It has been 14 years since the right-wing Akhil Bharatiya Vidyarthi Parishad (ABVP) won a post in the central panel of the Jawaharlal Nehru University Students’ Union (JNUSU) elections. It has also been 14 years since the campus saw certain resolutions being put forward by a Union member in the first council meeting.
The Council comprises the four central office-bearers and 31 councillors from the various schools on campus.
Abolition of Article 370, implementation of the Uniform Civil Code and creation of a ‘Union Territory of Kashmiri Hindus (open to everyone else)’ in the Valley: these were some of the resolutions put forward by JNUSU Joint Secretary Saurabh Kumar Sharma in the meeting held on Sunday.
Some of the other resolutions proposed by Sharma included “supporting diplomatic relations with Israel and other Arabic nations”, condemning “anti-national activities in JNU such as Afzal Guru Shahadat Diwas and paying tribute to convicted terrorists like Yakub Memon”.
The resolutions also condemned “hurting religious sentiments in the name of cultural interpretation and holding programmes that defame and derogate gods and goddesses”.
“The day Yakub Memon was hanged, some people were paying tributes to him…while we celebrate Durga Puja on campus, some groups worship Mahishasura. This is not part of Indian culture,” said Sharma.
The Council, which held a vote, rejected all resolutions put forward by him, except one. The resolution which was passed stated, “JNUSU condemns ethnic cleansing and cultural annihilation of Tibetans by Communist China”.
“When I proposed this resolution, 11 of our (ABVP) councillors and I voted in favour. The other members from the Left abstained. No one voted against the resolution, that is why it was passed,” said Sharma.
The first Council Meeting convened after the JNUSU results sets the agenda of the union. In addition to electing the convenors of every school, the day-to-day agenda is decided and resolutions are passed to decide the overall stand of the union on larger issues.

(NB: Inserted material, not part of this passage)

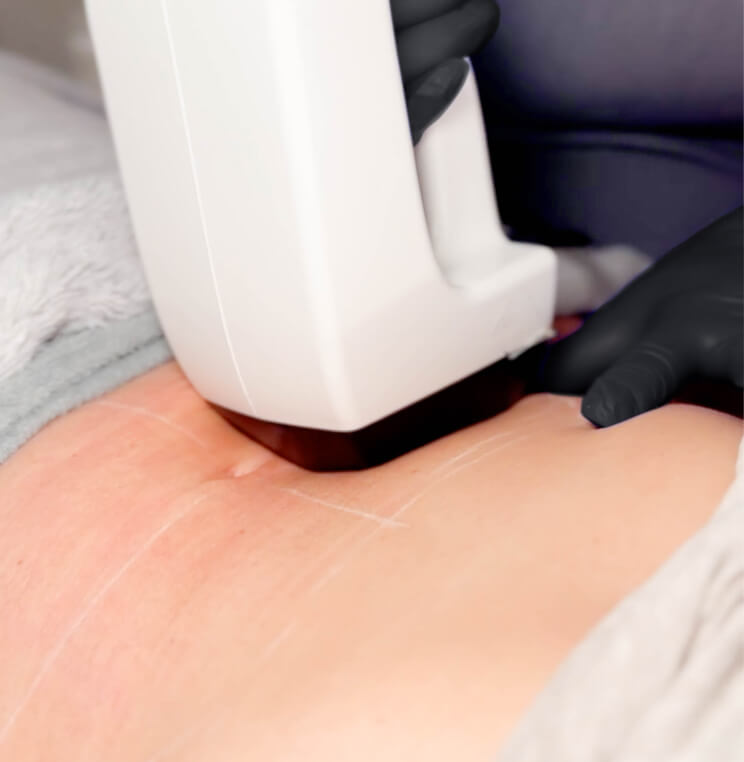 InMode MiniFX Treatment Vancouver | EverYoung Skin Clinic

While passing the resolution, the JNUSU president (chair) cannot vote unless there are an equal number of votes opposing and favouring a particular resolution. The president, however, has the power to reject resolutions before they are put to vote.
Sharma’s resolutions also sought condemnation of “ideological imposition in academics in JNU, suppression of democratic rights and imposition of homogenous norms by Communist North Korea, ethnic genocide of Yazidis by Islamic State and massacre of Shias, Baloch, Hazras etc from Pakistan to Libya, sexual exploitation of women and children in Naxal camps and recruitment of child soldiers by Naxalites”.
Resolutions were also proposed in support of “cultural integration of North East India with rest of India using exchange programmes and teaching of all ideologies/perspectives in humanities and social sciences in JNU”.